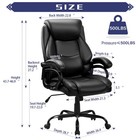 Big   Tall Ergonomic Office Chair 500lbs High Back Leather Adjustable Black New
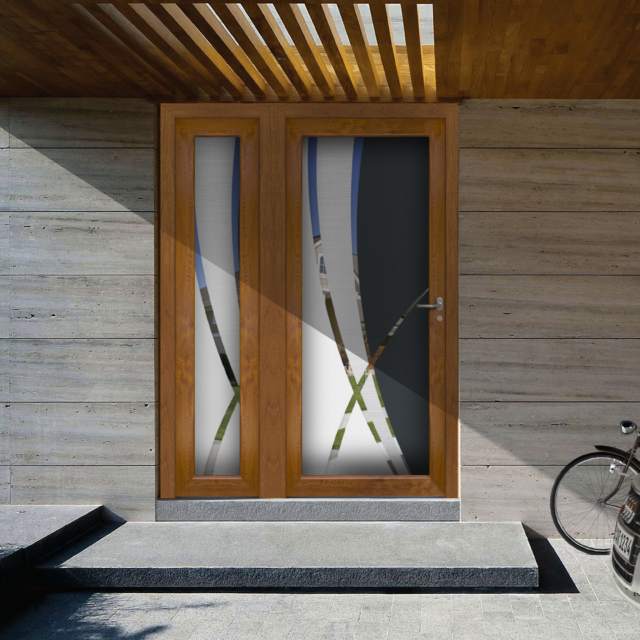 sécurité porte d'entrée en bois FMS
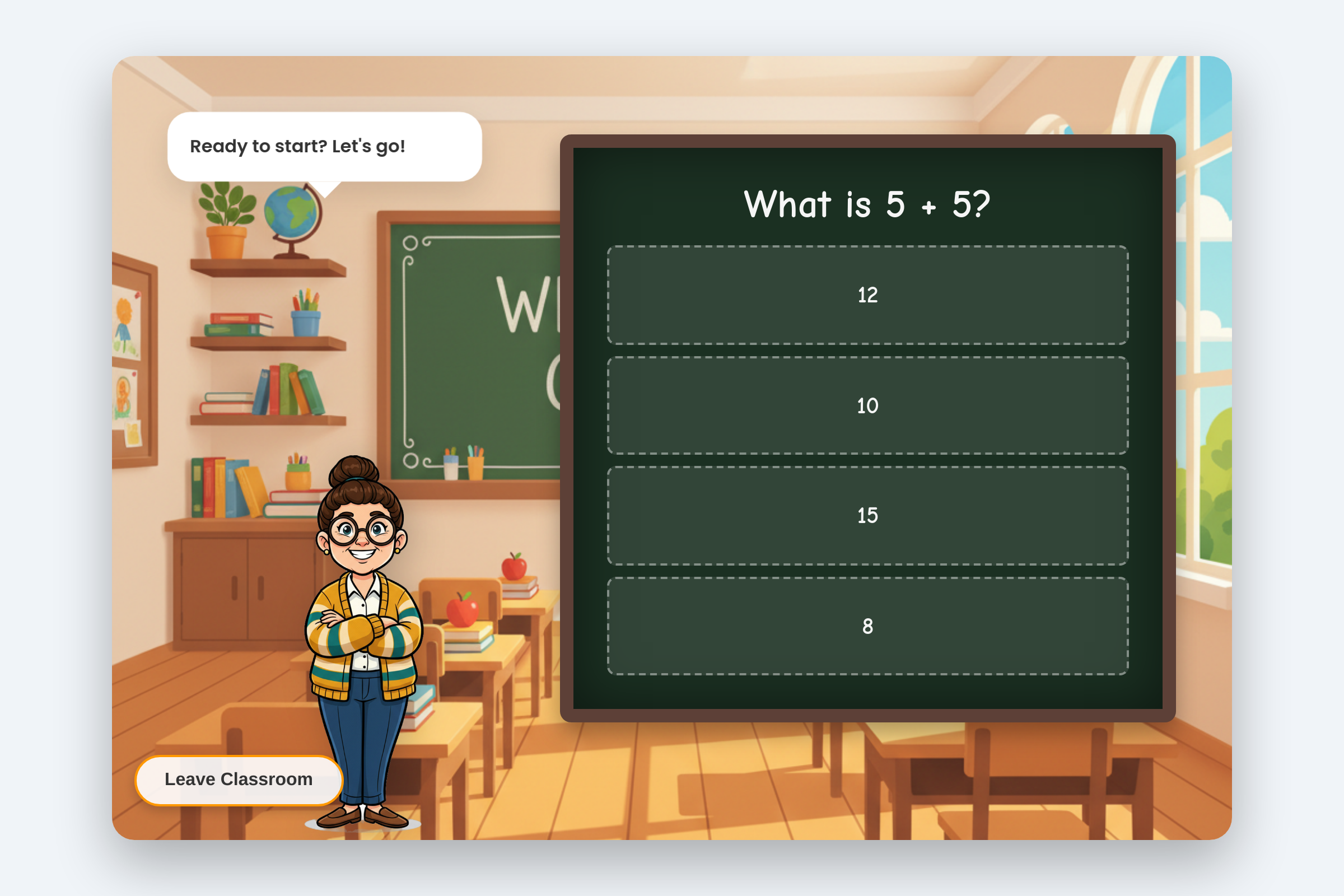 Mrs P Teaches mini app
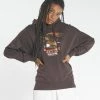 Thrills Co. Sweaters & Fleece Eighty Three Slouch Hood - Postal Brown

PROBLEM STATEMENT: Copy out exactly the lines from the one with "Mrs P Teaches mini app" through the end of the listing, both ends included, omitting any picture.

FINISHED EXERCISE:
 Mrs P Teaches mini app
 Thrills Co. Sweaters & Fleece Eighty Three Slouch Hood - Postal Brown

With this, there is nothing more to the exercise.